**TASK TO CARRY OUT**
Could the data below be retyped exactly, without its pictures?

**SUPPLIED MATERIAL**
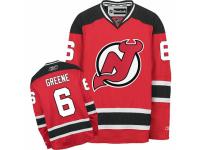 Men Reebok New Jersey Devils #6 Andy Greene Premier Red Home NHL Jersey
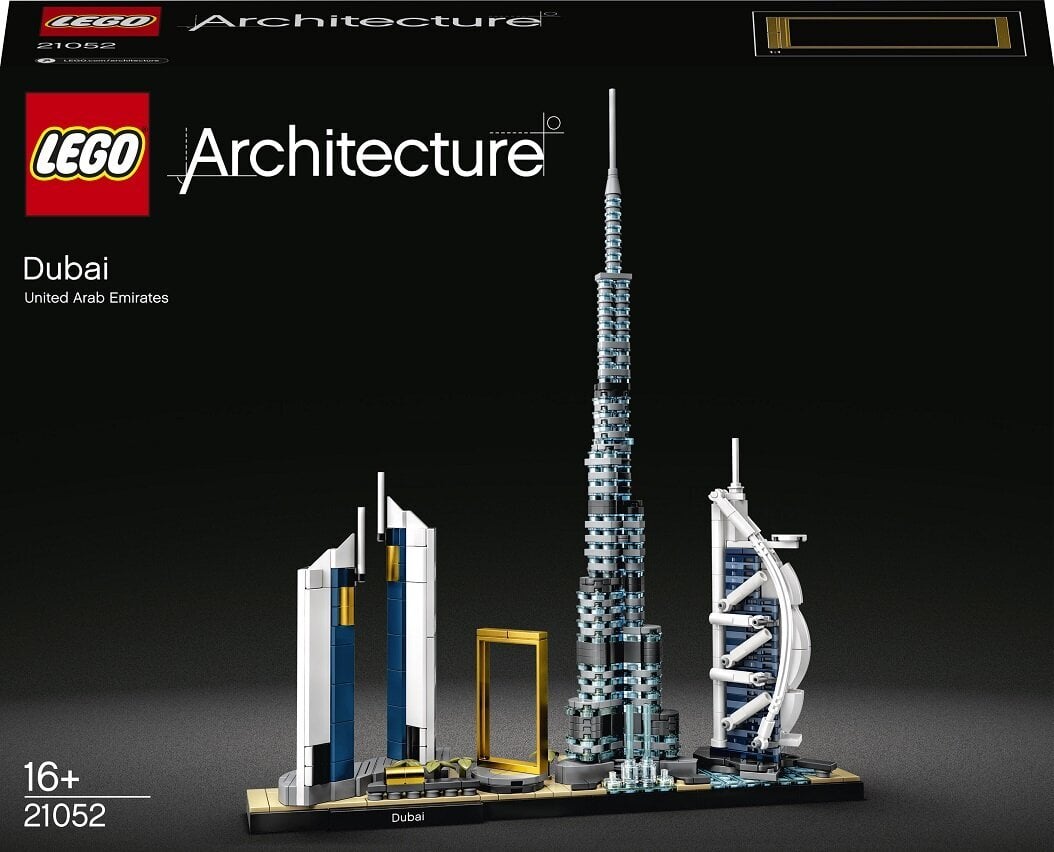 21052 LEGO® Architecture Dubajus цена и информация | Konstruktoriai ir kaladėlės | pigu.lt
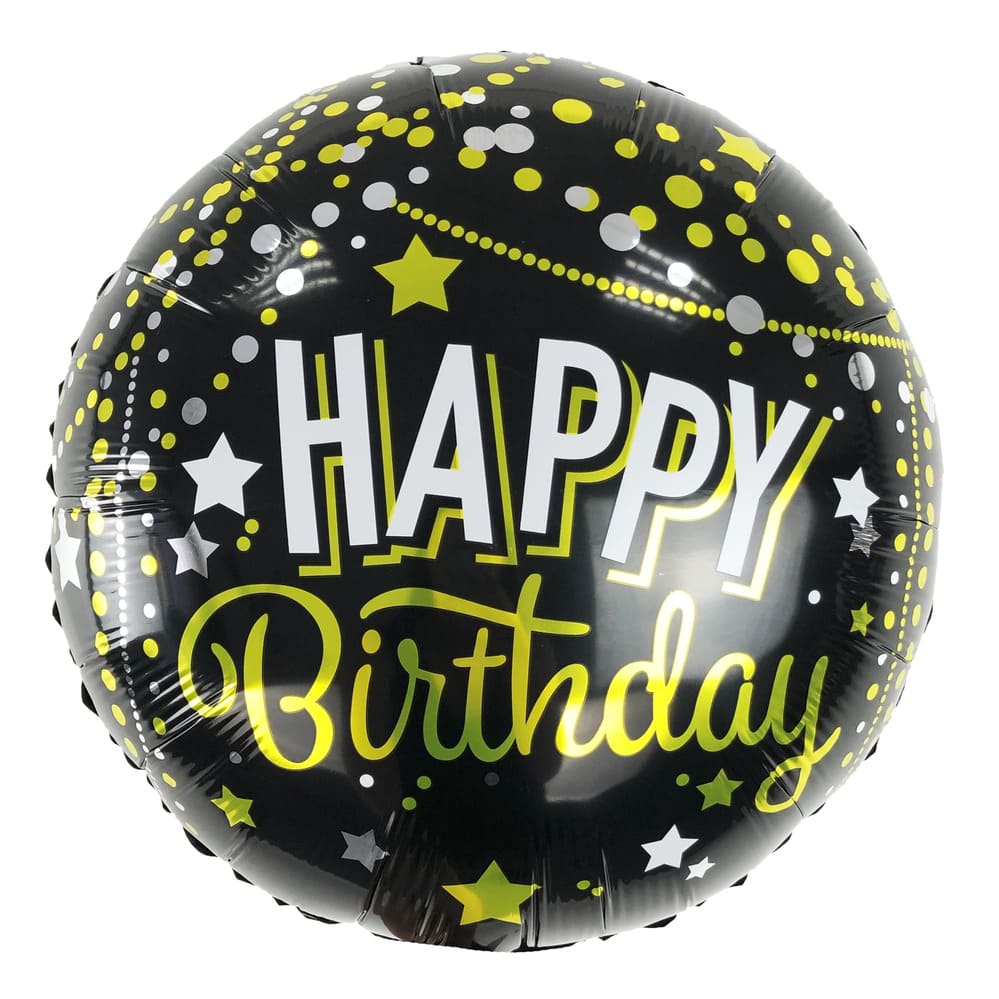 Фольгована кулька "Happy Birthday"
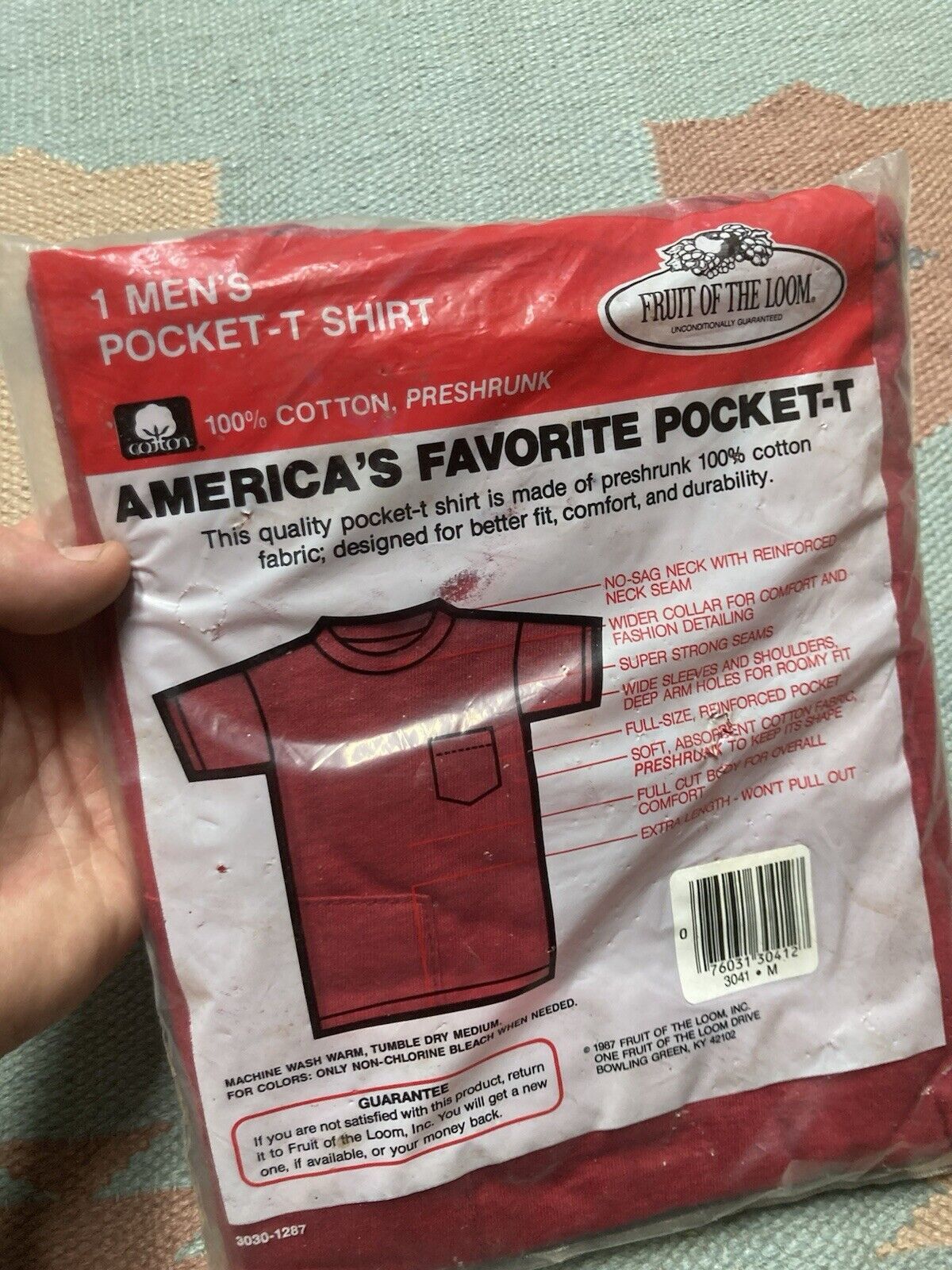 Fruit Of The Loom × Vintage Vtg 80s pocket t shirt fruit of the loom DEADSTOCK blank M Size US M / EU 48-50 / 2 - 5 Thumbnail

**OUTPUT**
 Men Reebok New Jersey Devils #6 Andy Greene Premier Red Home NHL Jersey
 21052 LEGO® Architecture Dubajus цена и информация | Konstruktoriai ir kaladėlės | pigu.lt
 Фольгована кулька "Happy Birthday"
 Fruit Of The Loom × Vintage Vtg 80s pocket t shirt fruit of the loom DEADSTOCK blank M Size US M / EU 48-50 / 2 - 5 Thumbnail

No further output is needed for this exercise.